### REQUIRED WORK
A word-for-word copy of the listing is what's needed; leave out every image.

### SOURCE DATA
§

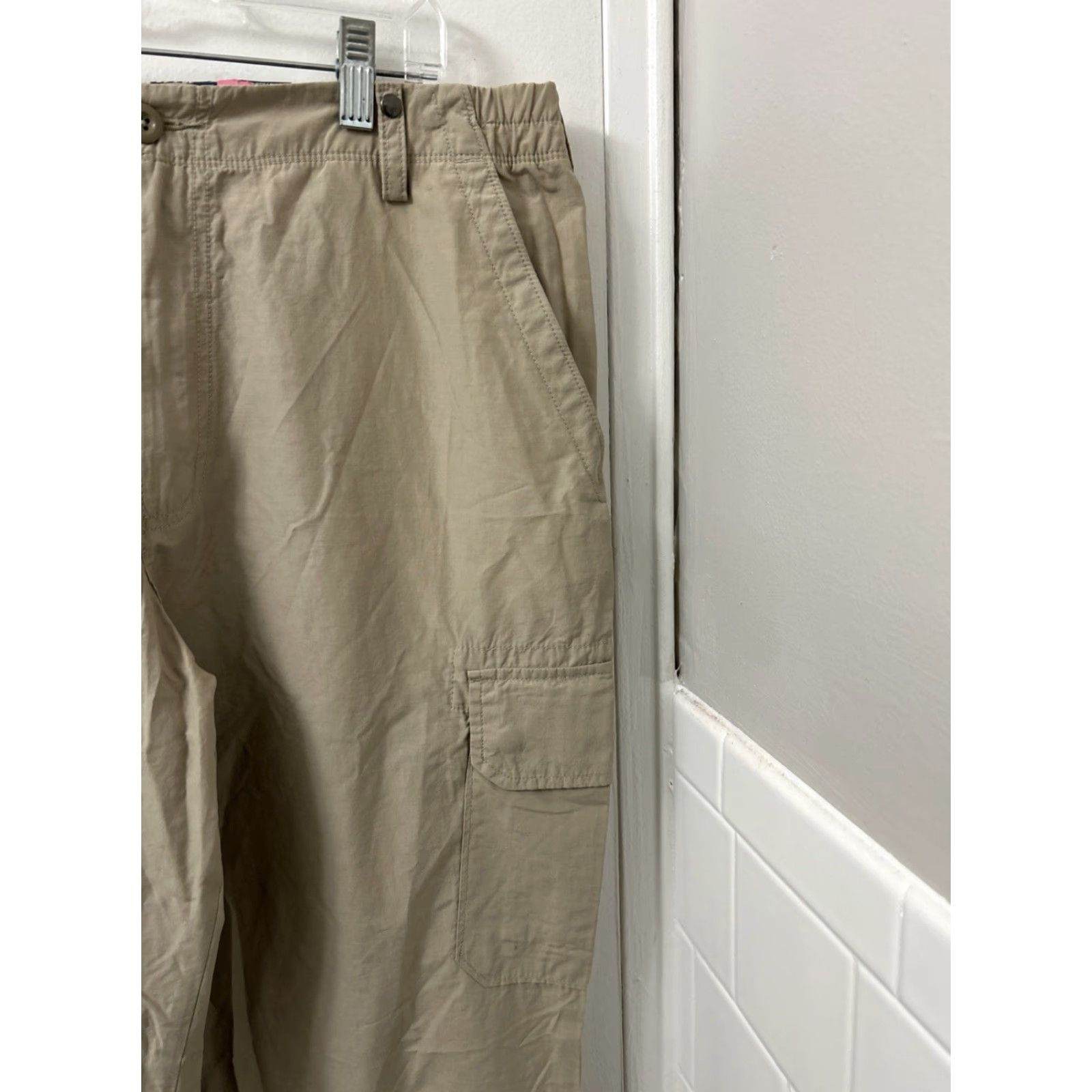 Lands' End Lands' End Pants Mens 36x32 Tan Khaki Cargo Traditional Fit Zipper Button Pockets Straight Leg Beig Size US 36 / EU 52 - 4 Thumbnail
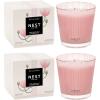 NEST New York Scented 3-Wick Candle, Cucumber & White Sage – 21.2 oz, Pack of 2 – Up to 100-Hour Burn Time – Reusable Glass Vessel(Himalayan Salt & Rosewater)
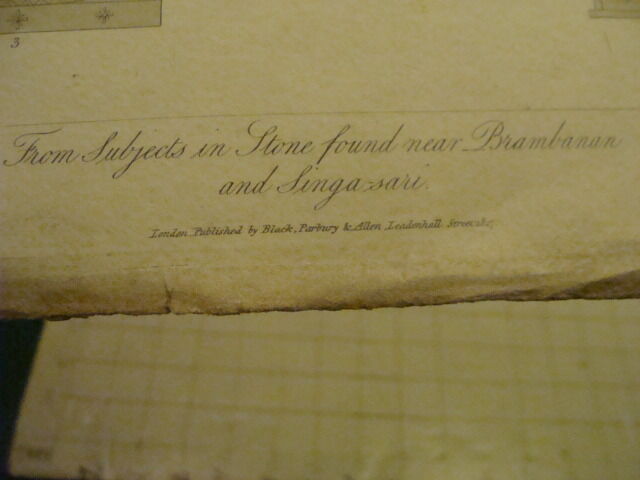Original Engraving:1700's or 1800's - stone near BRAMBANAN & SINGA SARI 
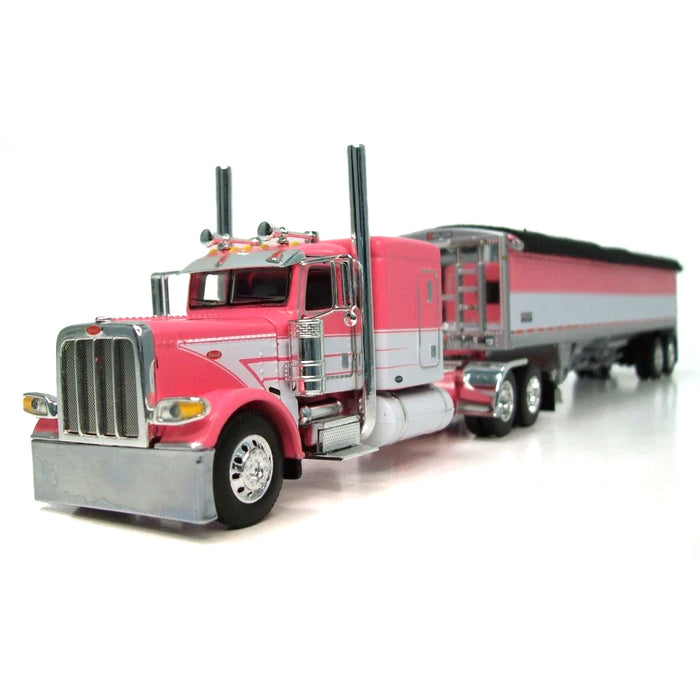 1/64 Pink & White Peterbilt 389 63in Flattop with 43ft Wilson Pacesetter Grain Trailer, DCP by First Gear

§

### RESULT
 Lands' End Lands' End Pants Mens 36x32 Tan Khaki Cargo Traditional Fit Zipper Button Pockets Straight Leg Beig Size US 36 / EU 52 - 4 Thumbnail
 NEST New York Scented 3-Wick Candle, Cucumber & White Sage – 21.2 oz, Pack of 2 – Up to 100-Hour Burn Time – Reusable Glass Vessel(Himalayan Salt & Rosewater)
Original Engraving:1700's or 1800's - stone near BRAMBANAN & SINGA SARI 
 1/64 Pink & White Peterbilt 389 63in Flattop with 43ft Wilson Pacesetter Grain Trailer, DCP by First Gear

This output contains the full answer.